» What needs to be done: Set down a word-for-word copy of the data below, limited to the lines from the first through the line with "45, BUTTERMERE AVENUE, FLEETWOOD, FY7".

» Data shown:
::::

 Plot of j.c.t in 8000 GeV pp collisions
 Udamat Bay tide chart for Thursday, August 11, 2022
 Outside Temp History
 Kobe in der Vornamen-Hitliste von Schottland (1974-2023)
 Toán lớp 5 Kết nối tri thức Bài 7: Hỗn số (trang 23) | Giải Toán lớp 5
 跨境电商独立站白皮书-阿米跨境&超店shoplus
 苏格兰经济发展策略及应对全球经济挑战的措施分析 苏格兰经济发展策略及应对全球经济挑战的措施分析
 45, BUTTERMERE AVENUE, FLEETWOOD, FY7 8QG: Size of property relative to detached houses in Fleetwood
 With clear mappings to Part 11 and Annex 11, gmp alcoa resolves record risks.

::::

» Reply:
 Plot of j.c.t in 8000 GeV pp collisions
 Udamat Bay tide chart for Thursday, August 11, 2022
 Outside Temp History
 Kobe in der Vornamen-Hitliste von Schottland (1974-2023)
 Toán lớp 5 Kết nối tri thức Bài 7: Hỗn số (trang 23) | Giải Toán lớp 5
 跨境电商独立站白皮书-阿米跨境&超店shoplus
 苏格兰经济发展策略及应对全球经济挑战的措施分析 苏格兰经济发展策略及应对全球经济挑战的措施分析
 45, BUTTERMERE AVENUE, FLEETWOOD, FY7 8QG: Size of property relative to detached houses in Fleetwood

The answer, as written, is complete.